> Because at some point, no released version worked on intel macs.
Long since passed and can be removed?
Or only do it on those machines??
Granted, the Python-wrapping-build I'm doing ought to work as well on Intel
Macs as anywhere else.
Here is what ends up happening:
#include
#include
int main()
{
signal(SIGPIPE, SIG_IGN); << Python does like this
putenv("M4=foo"); << gmp/configure does like this
system("flex 1.l"); << gmp/configure does like this
return 0;
}
Without ignoring sigpipe, flex dies in filter_tee_header reading the output of
a failed exec.
Ignoring the signal under a Python wrapper however, it continues on
and deletes the output, causing gmp/configure to fail because it is looking
for the output.
gmp/configure is where the blame really lies, but if gcc configured gmp
"normally",
this wouldn't occur. Or, is cpu=none not so abnormal? Just that I hadn't seen
it?
(Everything new and normal is initially new and abnormal, of course.)
- Jay
> Date: Thu, 31 Jul 2008 15:53:43 +0200
> From: [EMAIL PROTECTED]
> To: [EMAIL PROTECTED]
> CC: [EMAIL PROTECTED]; [email protected]

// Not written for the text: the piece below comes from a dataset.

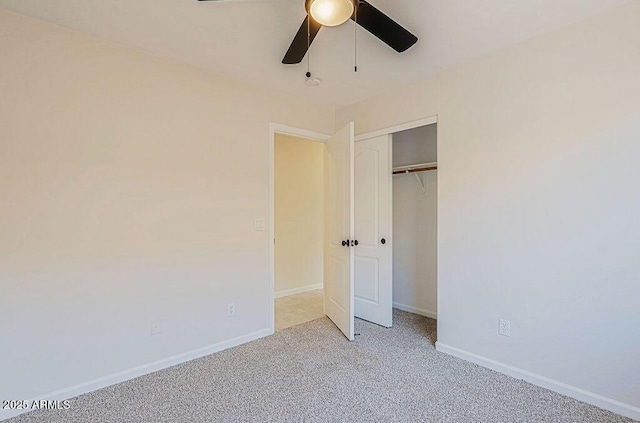 unfurnished bedroom with light colored carpet, a closet, and ceiling fan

> Subject: Re: configuring in-tree gmp/mpfr with "none"?
>
> Jay wrote:
>> Andrew, Can you explain more why?
>
> Because at some point, no released version worked on intel macs.
>
>> And then gmp/configure runs flex.
>> And then sometimes?always flex tries to run getenv("M4") || "m4".
>
> Yes, Flex uses m4.
>
>> gmp/configure probably should not be setting M4
>
> Yes, I think that setting M4=m4-not-needed should be done only for
> debugging purposes. Otherwise, GMP should always look for m4 in its
> configure script, and set it to a valid value in the makefile.